In discussions with industry leaders, there is no easy solution. Should the industry or the training organisations take more responsibility? Where does the responsibility lie?
What is the main reason property management graduates are finding it hard to get jobs in the property industry in South Australia?
To be a property manager you need to know a lot about a lot. It's not as simple as knowing the act. There are lots of programs out there and technology that you need to get your head around. I've been in the business for 17 years and at least once a week, we'll come across something that we haven't had to deal with before.
To get someone to go from graduation to being a productive property manager takes anywhere from 6 months to two years, which is a significant investment for businesses and even more so for smaller businesses. Even if you're only being paid a smaller wage or a traineeship wage, an assistant property manager is still not paying for themselves for the first 6 months, so you do need significant resources to employ someone.
Real estate is demanding from day 1 so in busy times, businesses will look for experience so that their new team member can hit the ground running. Unless agencies have senior staff who have time allocated to train, support and mentor new recruits, the fit often doesn’t exist for an inexperienced graduate, unfortunately.
How are property management graduates with no experience viewed by property employers?
We've always viewed property management graduates with no experience as an opportunity. They don't have any bad habits and are potentially a lot more optimistic than those who have been in the industry for a long time. It's a chance for us to mould them into what we want out of a property manager. For our organisation, being one of the larger real estate companies, we have the resources to bring them in.
One challenge we’ve had, especially in the last 3-4 years, is having graduates come in with no experience and not having the patience to learn the ropes before wanting to manage a portfolio themselves.

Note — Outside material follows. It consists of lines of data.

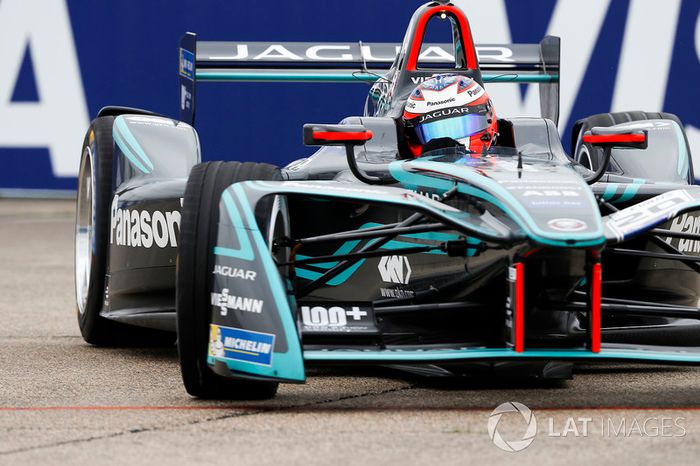 Mitch Evans, Jaguar Racing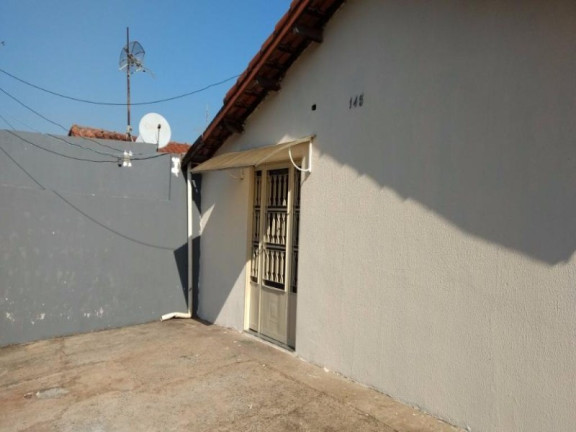 Casa com 2 Quartos à Venda, 150 m² em Conjunto Habitacional Angelo Tomazin - Sumaré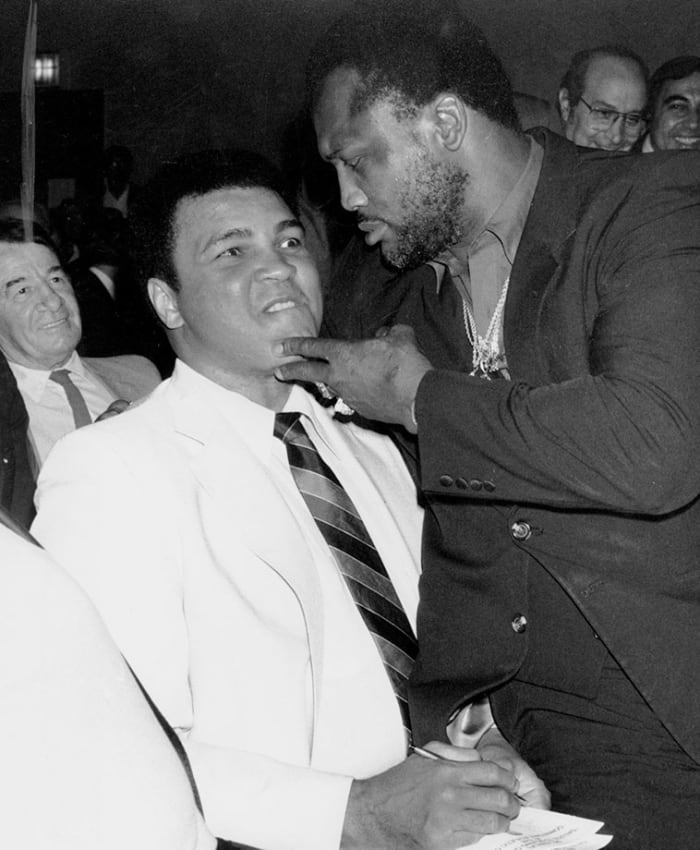 Muhammad Ali Having Fun - Sports Illustrated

Some of the young people coming into the industry have unreasonably high expectations of where they should be in a short space of time. Being a property manager is a very high trust role with responsibility for high-value assets, so, businesses carry a lot of risk if they choose to promote somebody before they are ready.
In saying that we have some excellent young guns in our team who are doing well, and seven out of our ten property managers started with us with no experience, so it's a channel that we've had a lot of success with. The challenge for employers is getting the timing right when to promote trainees. Doing this too early can result in them burning out and becoming overwhelmed.

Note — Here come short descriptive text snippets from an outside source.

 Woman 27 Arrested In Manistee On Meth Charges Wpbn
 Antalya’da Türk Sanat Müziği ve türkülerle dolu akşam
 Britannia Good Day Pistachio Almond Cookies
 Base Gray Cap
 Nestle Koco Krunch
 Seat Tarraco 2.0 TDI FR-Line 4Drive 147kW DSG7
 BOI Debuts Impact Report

This really depends on the agency and recruitment model. At Turner Real Estate, we love starting newbies in their PM journey and we gradually build their skills, brick by brick as they learn our systems and processes. We’ve had a lot of success with this model, but we also have senior team members allocated to train and mentor. Generally, the larger agencies have more opportunities for graduates, whereas smaller agencies often need team members with experience and a full PM skillset from day 1.
What could bridge the gap to employment for graduates with their property management license?
It's hard to substitute on the job, 'hands-on' experience. In a theoretical environment, when you don't have any background or any context on why rules are and how they're implemented, I think it's a tough ask for the training organisations to produce a graduate that’s ready to go, without real-world experience or work experience, unfortunately.
More practical training in the PM license is necessary to bridge this gap. Currently, a lot of the training is online, which is great for the theory components, but more simulation of ‘in the field’ work would go a long way. Personally, I’d like to see priority given to conducting quality open inspections, routines and ingoing reports so that the entry-level graduates can immediately help the more senior team members. It is time-consuming to train and learn this, it might be weeks of practice – but they are core skills which would be attractive to employers from day 1 and graduates could then show employers their level of detail and understanding of properties.
What support would employers need to take on licensed graduates with little or no real-world experience?
I think if there was a little bit more flexibility in what trainees were able to do without having their property management license, it would be easier for businesses to be able to offer traineeships in property management.
Back when I started in the industry, I was on a traineeship which meant a low wage, doing my training over a year. At that time, I could be productive and still do property inspections and work unsupervised. The challenge now is that trainees can't work unsupervised and do property inspections of any sort.
Employers, especially small employers would need significant financial incentives to take on graduates because of the limited resources they have. Also, the difference between having someone without experience and someone who is experienced isn't that much of a significant difference pay wise.
You have to have a dedicated team member taking responsibility for training. New people can’t be expected to just watch and learn by osmosis – they need to be supported, reviewed, mentored and counselled when they get off track. It is a time-consuming process, but it’s extremely rewarding to see people reach the next level and employers will also find incredible staff retention and loyalty when they make these investments in their team.